UNITED STATES
                       SECURITIES AND EXCHANGE COMMISSION
                              WASHINGTON, DC 20549


                                    FORM 8-K


                                 CURRENT REPORT
   PURSUANT TO SECTION 13 OR 15(d) OF THE SECURITIES AND EXCHANGE ACT OF 1934


        Date of Report (Date of earliest event reported): April 24, 2006


                             ARMOR ENTERPRISES INC.
                             ----------------------
               (Exact name of registrant as specified in charter)


          Florida                  000-32249                     65-0853784
(State or other jurisdiction      (Commission                  (IRS Employer
      of incorporation)           File Number)               Identification No.)

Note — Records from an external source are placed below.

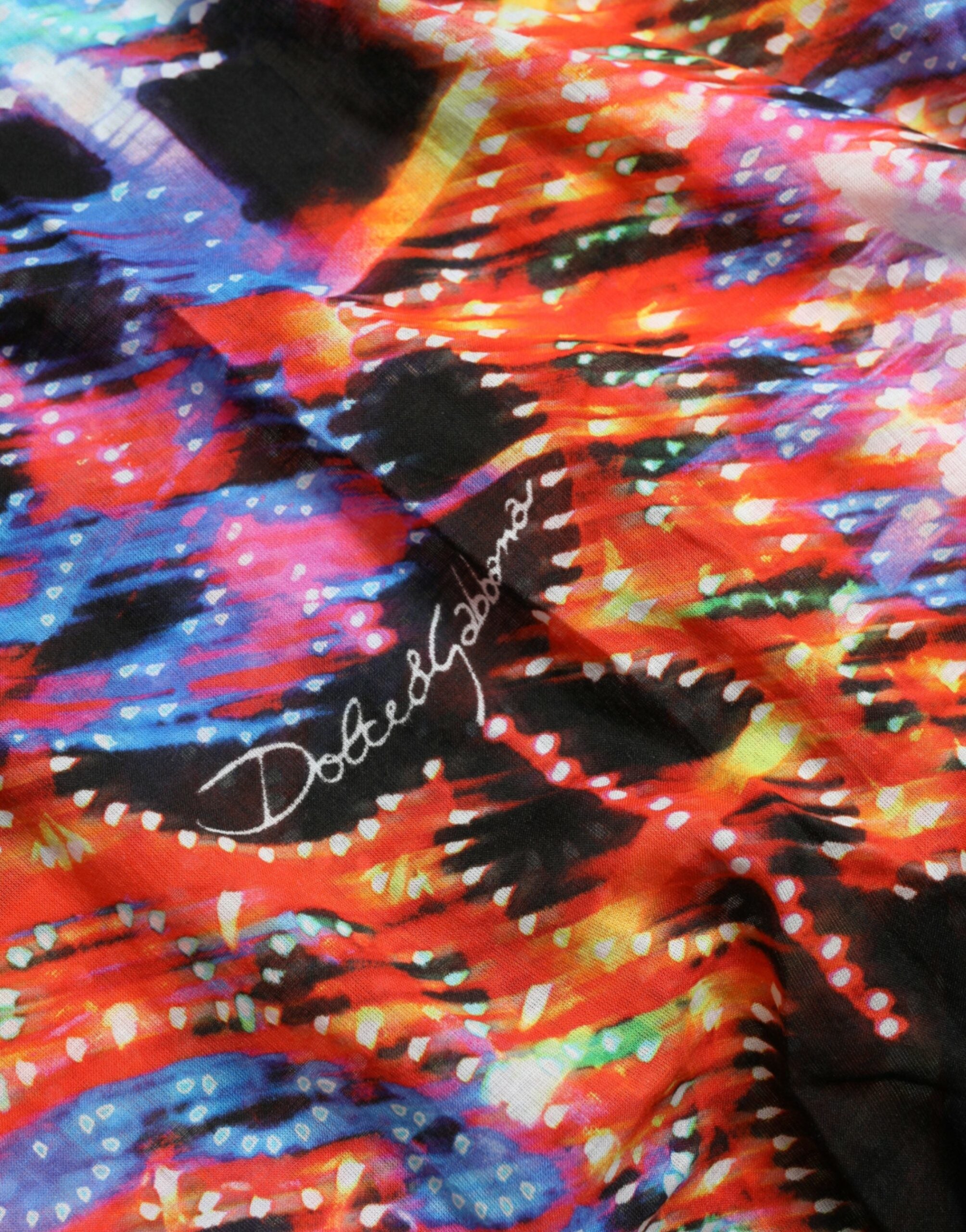 Dolce & Gabbana Mehrfarbiges T-Shirt aus Baumwolle mit Luminarie-Druck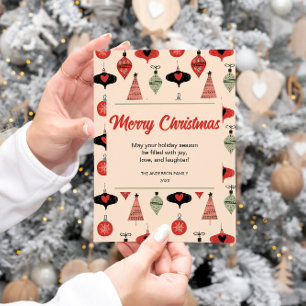 Mid Century Modern Christmas Holiday Card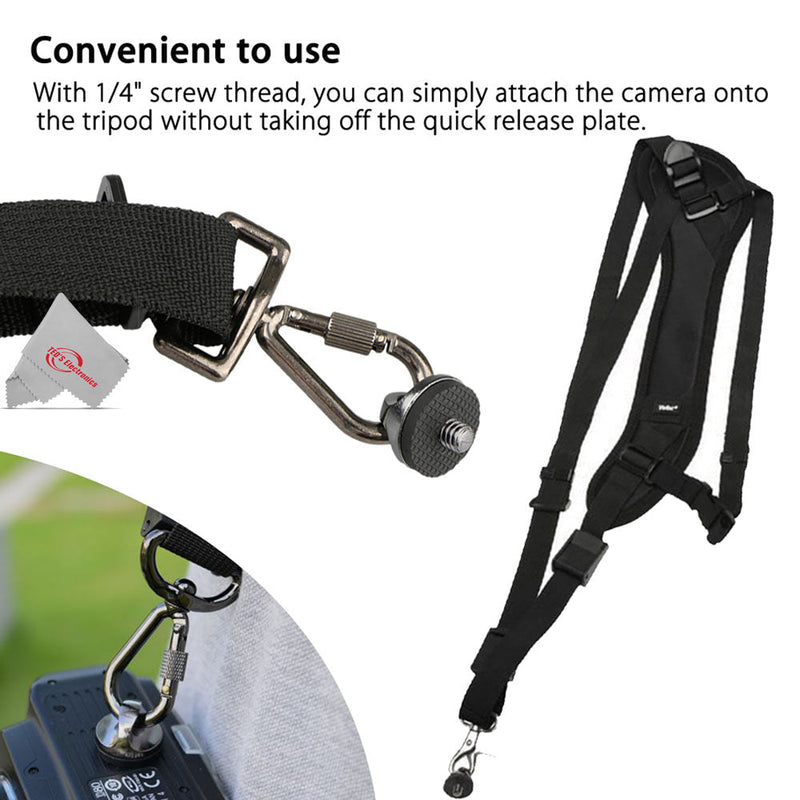 Nikon 10x50 Action Extreme ATB Binoculars with Sling Backpack and SLING1 Padded Neoprene Sling Hands Free Camera Strap with Threaded Fastener 1/4-20" Thread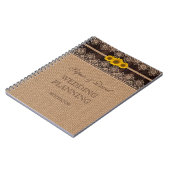 Carnet Wedding planner en bois de dentelle rustique (Côté gauche)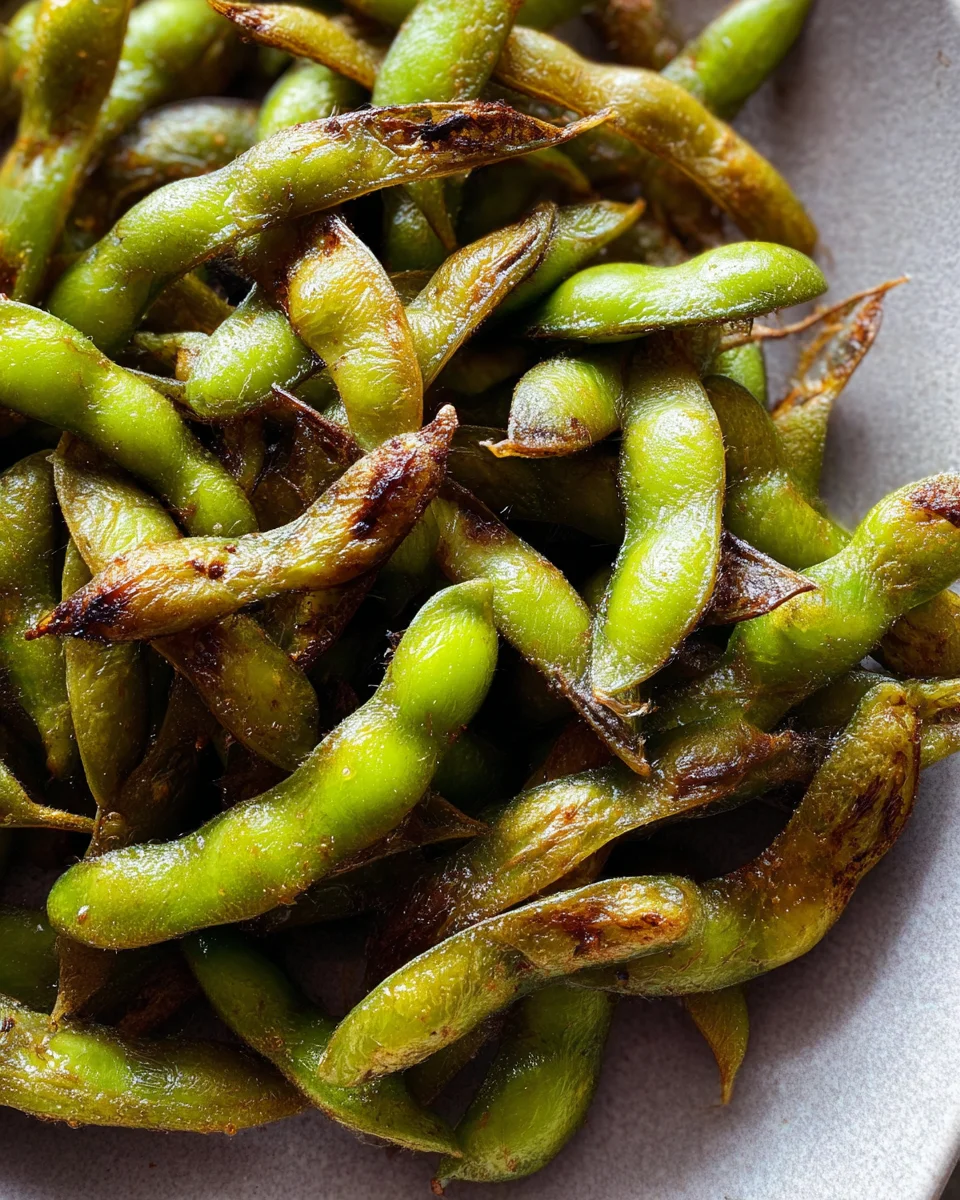 Air Fryer Edamame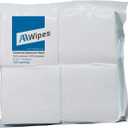 AAwipes Cleanroom Wipers 4x 4 (1200 Pcs, Cellulose/Polyester Blend, Grade A, 68GSM) Lint Free Wipes 4" x 4" for Lab, Electronics, Pharmaceutical, Printing and Semiconductor Industries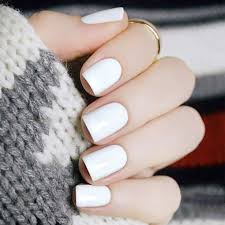 Acrylic short nail design is appreciated by many woman. Amazon Com Fdesigner Fashion False Nail Tips Nude Fake Nail Art Accessories Acrylic Nail Short Press On Nails Square Nail Decoration For Women And Girls White Beauty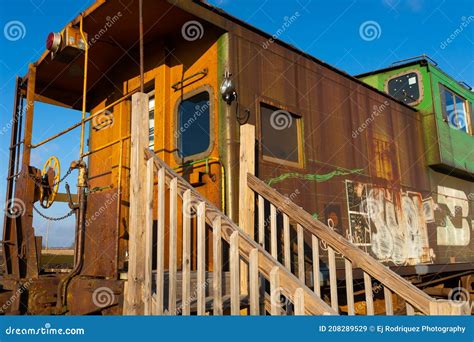 Abandoned Rail Car Stock Image Image Of Industry Carriage 208289529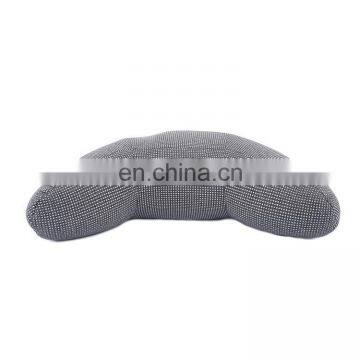 Factory Price Grey C Shape Multi Functional Waist Cushion Pillow With Food Grade Polystyrene Filling photo-5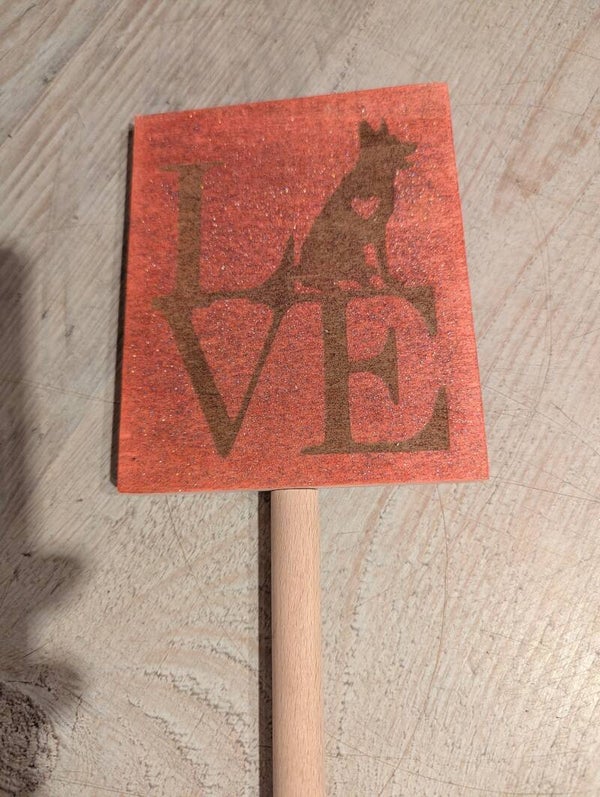 Fährtenschild pink glitzer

         201 Lomas Santa Fe, Suite #420, Solana Beach,CA    92075
          (Address of principal executive offices) (Zip Code)


               Registrant's telephone number, including area code
                                 (858) 720.0354


                      ------------------------------------
         (Former name, or former address, if changed since last report)






ITEM 1.01 ENTRY INTO A MATERIAL DEFINITIVE AGREEMENT
ITEM 3.02 UNREGISTERED SALES OF EQUITY SECURITIES

On April 26, 2006, Armor Electric, Inc., a Florida corporation (the "Company"),
and various purchasers (the "Purchasers") closed a private placement transaction
pursuant to section 4(2) of the SECURITIES ACT, and Rule 506 thereof, and six
agreements between the Company and each of the Purchasers. The six agreements
were a Securities Purchase Agreement, a Registration Rights Agreement, a Secured
Convertible Debenture Agreement, a Common Stock Purchase Warrants Agreement, a
Security Agreement and A Subsidiary Guarantee Agreement (the "Agreements").
These agreements are included as exhibits to this form.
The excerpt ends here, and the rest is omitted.